#### EXERCISE OBJECTIVE:
Each line from the one with "Krone Regular Example 3" through the last line of the material is to be printed exactly; no other line and no picture belongs in the copy.

#### PROVIDED INFORMATION:
○ ○ ○ ○ ○

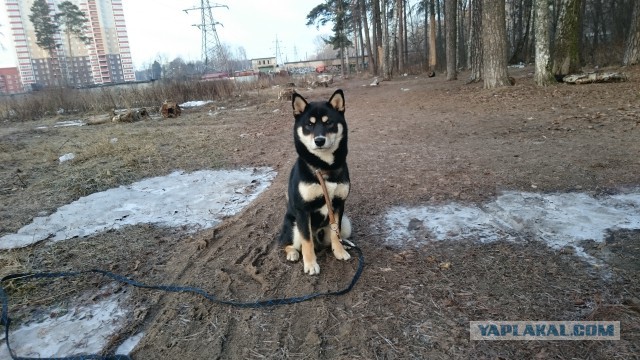 Собакочетверг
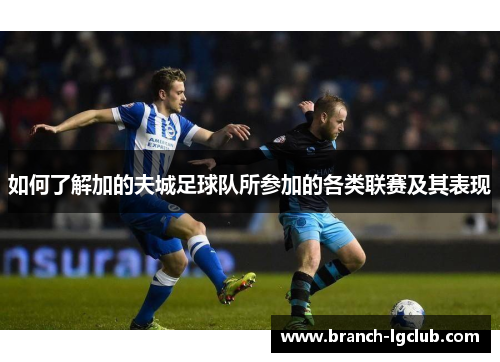 如何了解加的夫城足球队所参加的各类联赛及其表现 如何了解加的夫城足球队所参加的各类联赛及其表现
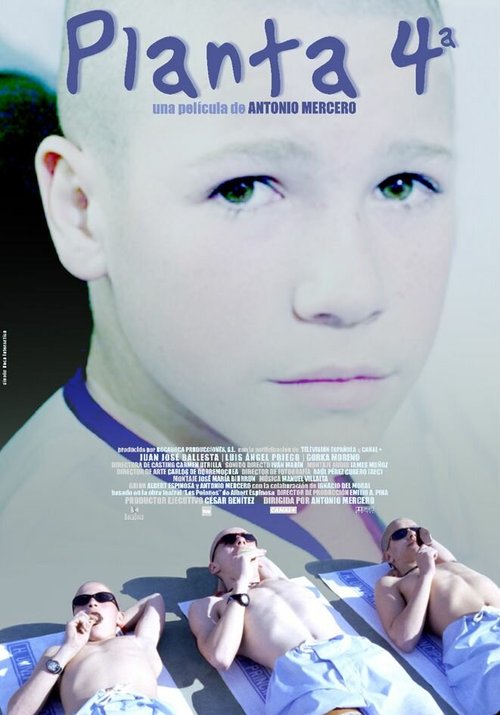 Лето в золотой долине (2003)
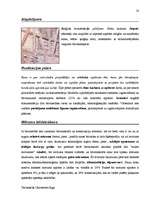 Záródolgozatok 'Terminologiearbeit auf Grund des Beispieltextes aus dem Baulexikon von Dietmar G', 58.                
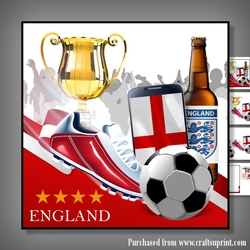 Image of cup1105175_566 - England Football mini kit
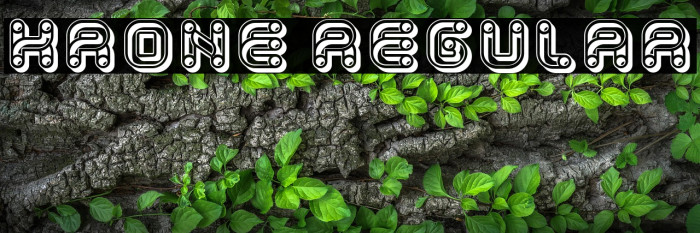 Krone Regular Example 3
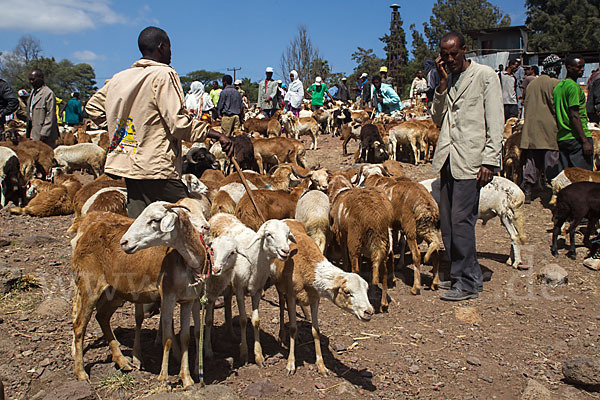 Aethiopien (Ethiopia)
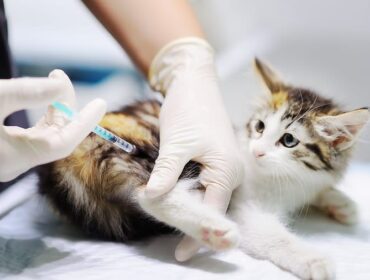 Proses vaksinasi pada hewan peliharaan untuk mencegah rabies.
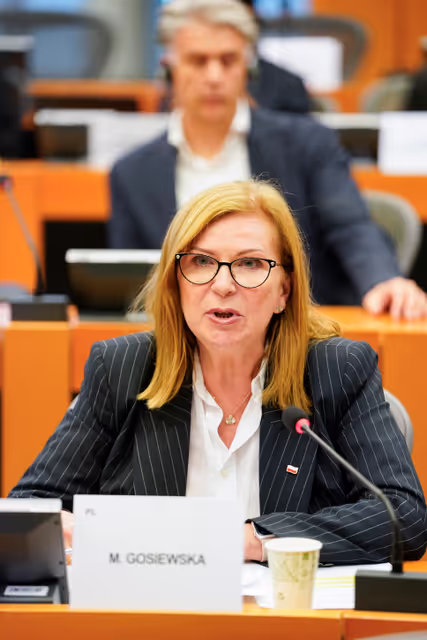 Fotografia 4: DEVE - Presentation of the priorities of the Danish Presidency of the Council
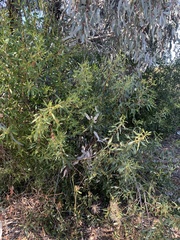 Eremophila mitchellii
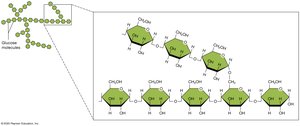 Structure of glycogen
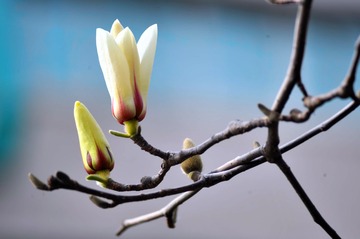 2016年3月7日，山东省邹城市，公园盛开玉兰花卉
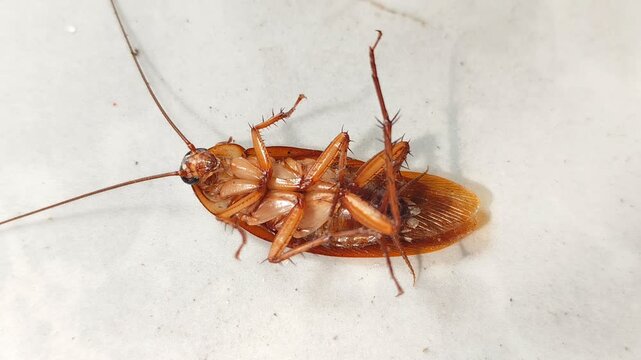 A cockroach lies sprawled on the floor, about to die after being sprayed with insecticide. close-up view.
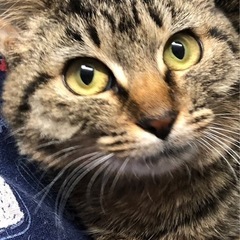 😸お家🏠ほごにゃん譲渡会😸 - その他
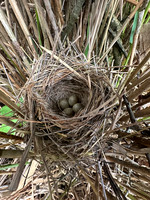 Sedge Warbler, Oldbury, May 2026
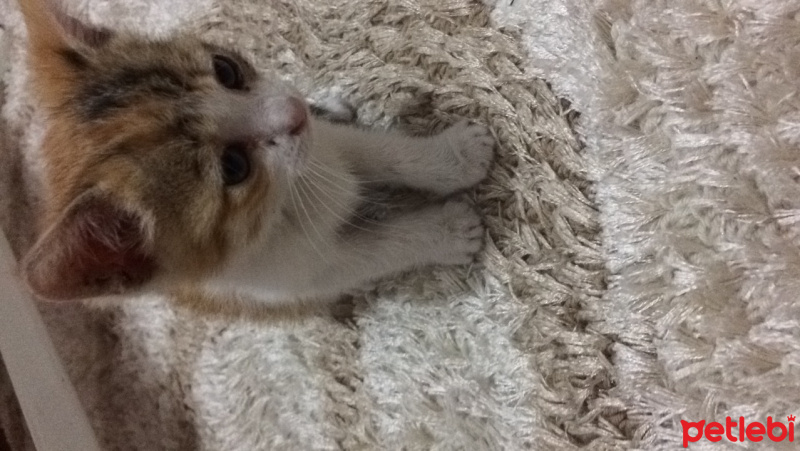 Tekir Kedi, Kedi  pıtır fotoğrafı
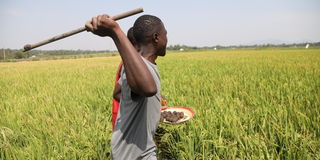 Homa Bay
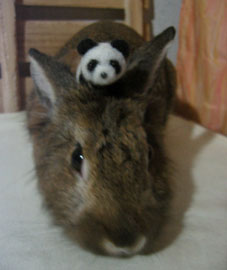 ミミとパンダ２.JPG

○ ○ ○ ○ ○

#### COMPLETED EXERCISE:
 Krone Regular Example 3
 Aethiopien (Ethiopia)
 Proses vaksinasi pada hewan peliharaan untuk mencegah rabies.
 Fotografia 4: DEVE - Presentation of the priorities of the Danish Presidency of the Council
 Eremophila mitchellii
 Structure of glycogen
 2016年3月7日，山东省邹城市，公园盛开玉兰花卉
 A cockroach lies sprawled on the floor, about to die after being sprayed with insecticide. close-up view.
 😸お家🏠ほごにゃん譲渡会😸 - その他
 Sedge Warbler, Oldbury, May 2026
 Tekir Kedi, Kedi  pıtır fotoğrafı
 Homa Bay
 ミミとパンダ２.JPG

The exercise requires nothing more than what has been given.